This invention is a new parametric speech coding system in which the
parametrization according to the speech production model is carried out
not only for the speech signal to be coded but also for the decoded, that
is, synthesized speech signal. The parametric representation of the
synthesized signal is compared with the parametric representation of the
original speech signal and the coding functions are controlled in
accordance with the difference between them.
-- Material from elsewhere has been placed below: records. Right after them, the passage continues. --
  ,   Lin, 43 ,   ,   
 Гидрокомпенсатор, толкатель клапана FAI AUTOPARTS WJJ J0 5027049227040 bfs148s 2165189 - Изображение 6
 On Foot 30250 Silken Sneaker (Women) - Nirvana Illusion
The invention is applied in such a way that at first parametrization
according to the speech production model used in encoding is carried out
on the decoded speech signal. Next, parameter values formed from the
synthesized speech signal are compared with the parameter values
calculated in the encoder from the speech signal to be coded. In making
the comparison some known distance measure can be used, for example, the
Itakura-Saito measure between the frequency distances. The coding
functions are controlled by the shaping block in such a way that the
difference indicated by the distance measure is made to be as small as
possible. In brief outline, an embodiment of the invention in accordance
with the invention consists of three blocks: a parametrization block, a
comparison block and a shaping block.
BRIEF DESCRIPTION OF THE DRAWINGS
FIG. 1a shows an encoder of the speech coding system according to the prior
art;
FIG. 1b shows a decoder of the speech coding system according to the prior
art;
FIG. 2 is a schematic block diagram of a speech decoding system according
to the invention;
FIG. 3 shows a speech encoding system according to the invention; and
FIG. 4 shows a speech encoding system that operates on the
analysis-synthesis principle according to the invention.
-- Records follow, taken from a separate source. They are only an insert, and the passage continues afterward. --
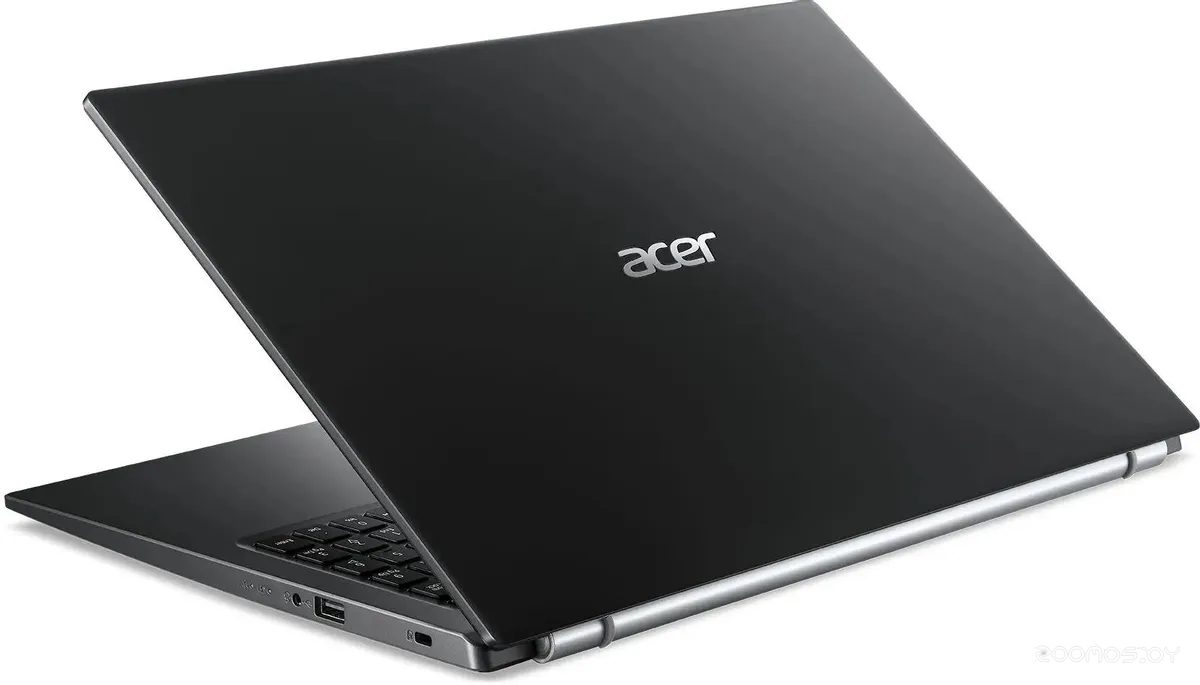Ноутбук Acer Extensa 15 EX215-54-510N NX.EGJER.006 в  магазине Терабит Могилев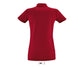 POLO PHOENIX WOMEN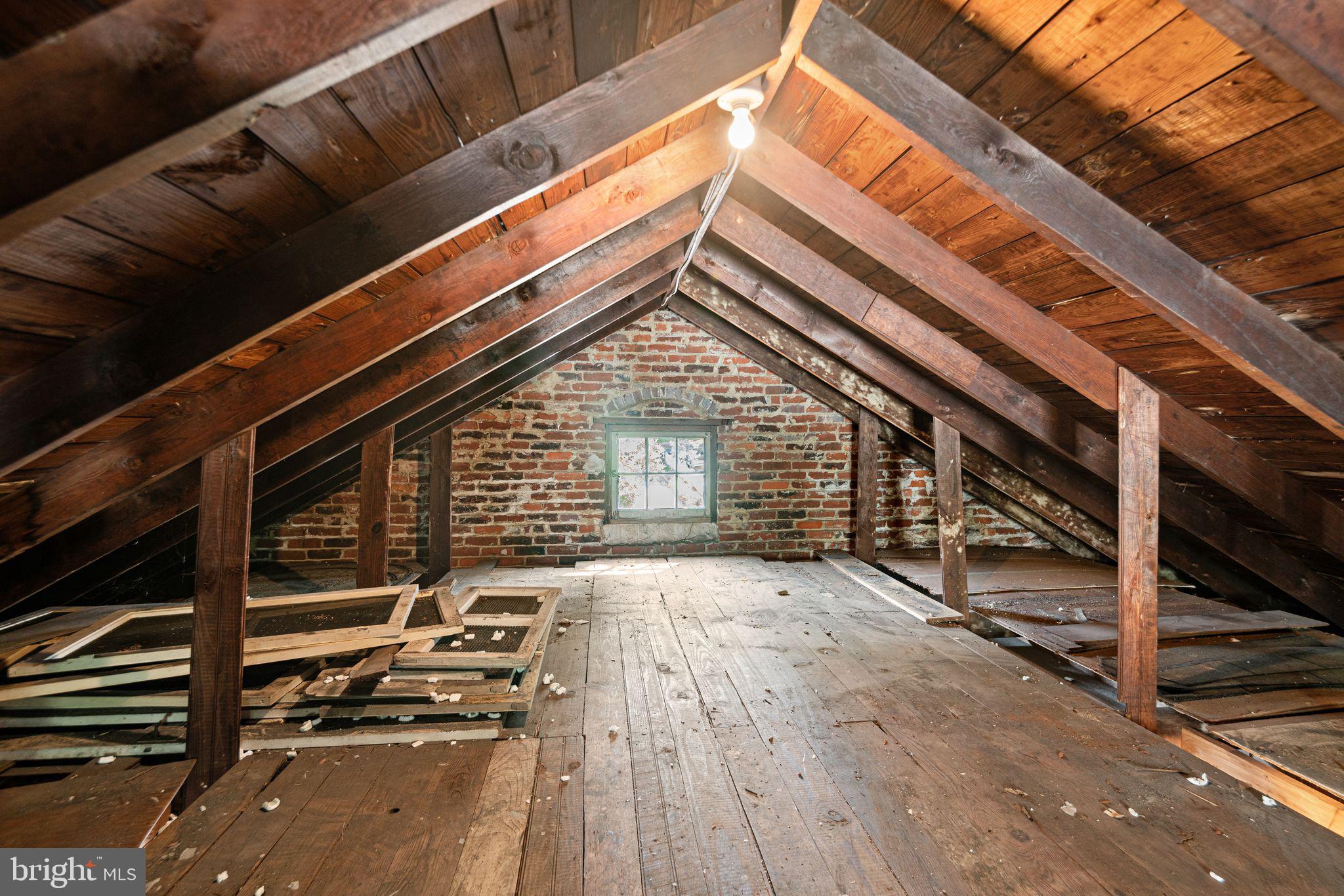 223 Hopkins Road Haddonfield, NJ 08033 - Photo 48 of 51 a view of front door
DETAILED DESCRIPTION OF EMBODIMENTS OF THE INVENTION
Embodiments in accordance with the invention are now described, by way of
example only.
FIG. 1a presents an encoder (transmission side) of a known parametric
speech coding system and FIG. 1b shows a decoder (receiving side). The
speech coding system can be a hybrid coder representing a class that is
generally referred to as an RELP coder (Residual Excited Linear
Prediction) in the literature. In the encoder according to FIG. 1a, speech
signal 100 that is input for coding and which is sampled, the samples
being inserted in blocks, or frames, of a constant length, for example, 20
ms, undergoes a calculation of the values of the parameters of the speech
production model used, this being carried out in parameter block 104. It
is characteristic of parametric speech coding systems according to FIG. 1a
that the calculation of the parameters describing the speech signal is
carried out once for each speech frame that is approximately 20 ms in
length. The parameter values according to the model are quantizod in
quantization block 105. The quantized set of parameter values 106 that
models the speech signal during each frame is transmitted to the decoder
once per each frame.
In block 101 the speech signal undergoes inverse modelling of the speech
production, which serves to form, by means of the model used, the
difference of the synthesized signal and the original speech signal, that
is, the modelling error that has arisen in the modelling. For modelling
the speech signal, an appropriate model can be used, for example, the
already mentioned LPC and LTP model. The invention does not place
limitations on the model to be used. In calculating the modelling error
that is to be carried out in block 101, quantized parameter values are
used in block 105 so that the effect of the quantization on the parameters
of the model is also taken into account.
In order to be able to produce a high quality speech signal in the receiver
by using parametric speech coding, the modelling error that has resulted
from use of the model must also be transmitted to the receiver. The
modelling error formed in block 101 is quantized in block 102 and the
quantized modelling error 103 is transmitted to the decoder.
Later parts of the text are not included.